Duke University School of Law Launches Duke Law Scholarship Repository

The Duke University School of Law has launched the Duke Law Scholarship Repository.

Here's an excerpt from the announcement:

The Duke Law Scholarship Repository, launching online this week in partnership with BePress' Digital Commons, provides free, full-text access to more than 3,000 scholarly articles written by Duke Law faculty or published in Duke Law journals.

The repository offers a fresh presentation of Duke Law scholarship, but the idea of freely accessible legal scholarship and a commitment to open access to information has deep roots in both practice and theory at Duke Law School.

Under the leadership of Richard Danner, Duke Law's senior associate dean for information services and Archibald C. and Frances Fulk Rufty Research Professor of Law, the Law School became the first in the country to make all the articles published in its law journals — including back issues — freely accessible online in 1998. In addition, unlike most other law reviews, Duke's journals explicitly allow authors to post articles published in the journals without restriction on freely-accessible third party web sites, as well as on Internet sites under their own control.
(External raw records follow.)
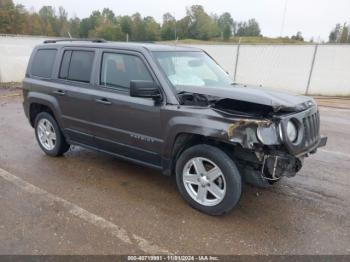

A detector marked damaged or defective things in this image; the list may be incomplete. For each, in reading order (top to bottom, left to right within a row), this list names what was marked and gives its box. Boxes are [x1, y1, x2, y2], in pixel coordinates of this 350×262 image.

damaged jeep patriot [22, 39, 328, 215]
broken headlight [256, 124, 280, 145]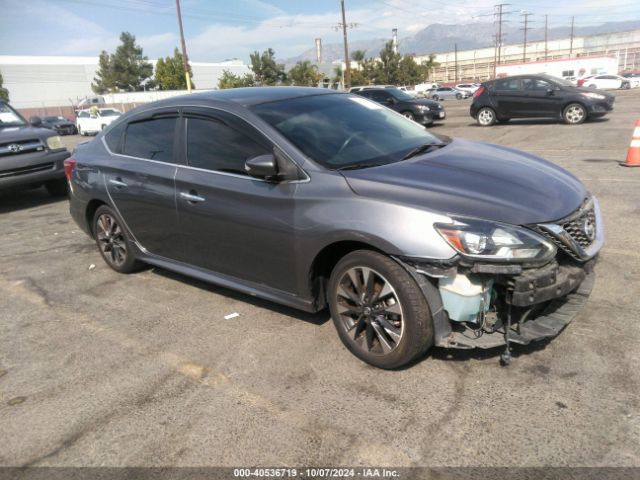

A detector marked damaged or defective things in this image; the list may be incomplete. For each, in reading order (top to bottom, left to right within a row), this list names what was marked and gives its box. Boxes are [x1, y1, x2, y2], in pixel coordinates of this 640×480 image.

damaged gray sedan [67, 88, 604, 370]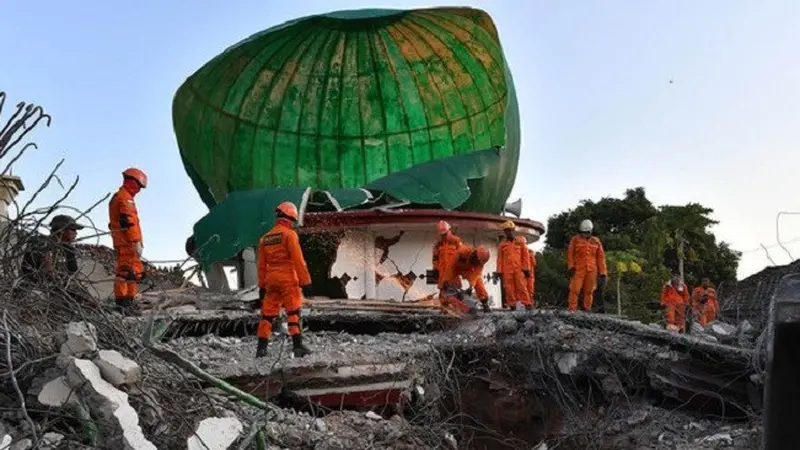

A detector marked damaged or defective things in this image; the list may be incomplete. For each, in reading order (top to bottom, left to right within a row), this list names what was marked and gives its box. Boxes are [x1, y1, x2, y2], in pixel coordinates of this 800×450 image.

broken concrete slab [59, 322, 98, 356]
broken concrete slab [94, 348, 142, 386]
broken concrete slab [38, 376, 78, 408]
broken concrete slab [65, 358, 156, 450]
broken concrete slab [188, 416, 244, 450]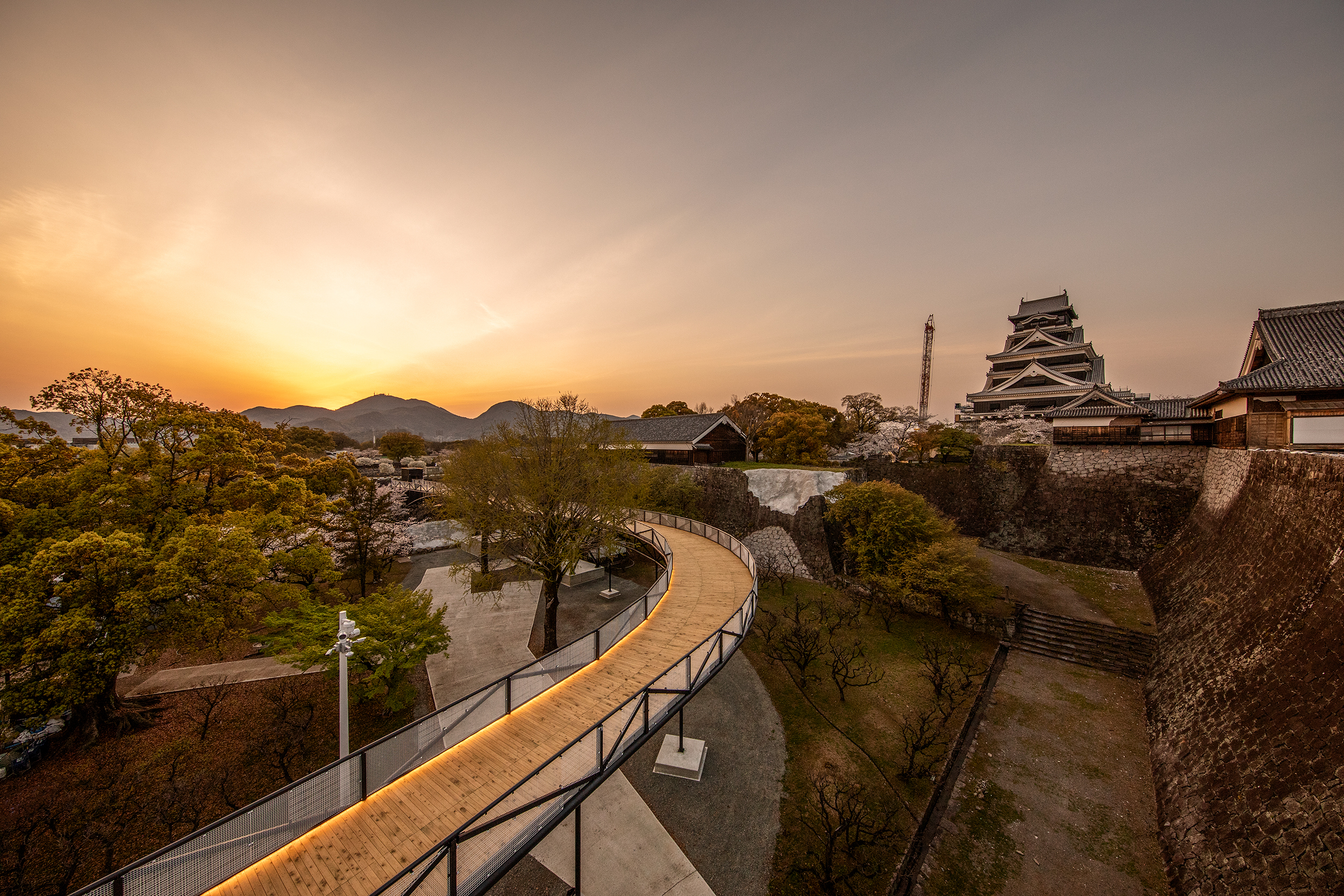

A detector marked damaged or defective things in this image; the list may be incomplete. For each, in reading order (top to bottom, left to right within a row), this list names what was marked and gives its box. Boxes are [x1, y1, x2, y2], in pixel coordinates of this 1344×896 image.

damaged stone wall section [1140, 448, 1344, 896]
By making scholarship as easily and widely accessible as possible, Duke does a service to the authors who publish in its journals, says James Boyle, William Neal Reynolds Professor of Law. "Imagine spending a year writing an article and discovering after you finished it that only someone with a sophisticated library or an expensive subscription could read it," he says. Duke's commitment to open access increases readership for authors, which include faculty from other schools as well as student scholars, and can contribute to higher citations for Duke-published work. "It's a huge benefit to both our students and to faculty authors," Boyle says.

In 2005, Duke Law furthered its commitment to open access by establishing an online archive of faculty scholarship, providing free access to the majority of articles published by Duke Law faculty. The contents of that archive are now the foundation of the Duke Law Scholarship Repository, which ultimately will include the text of lectures delivered at Duke Law, webcasts from scholarly presentations and conferences, publications of Duke Law's research centers, Duke Law student works, and more.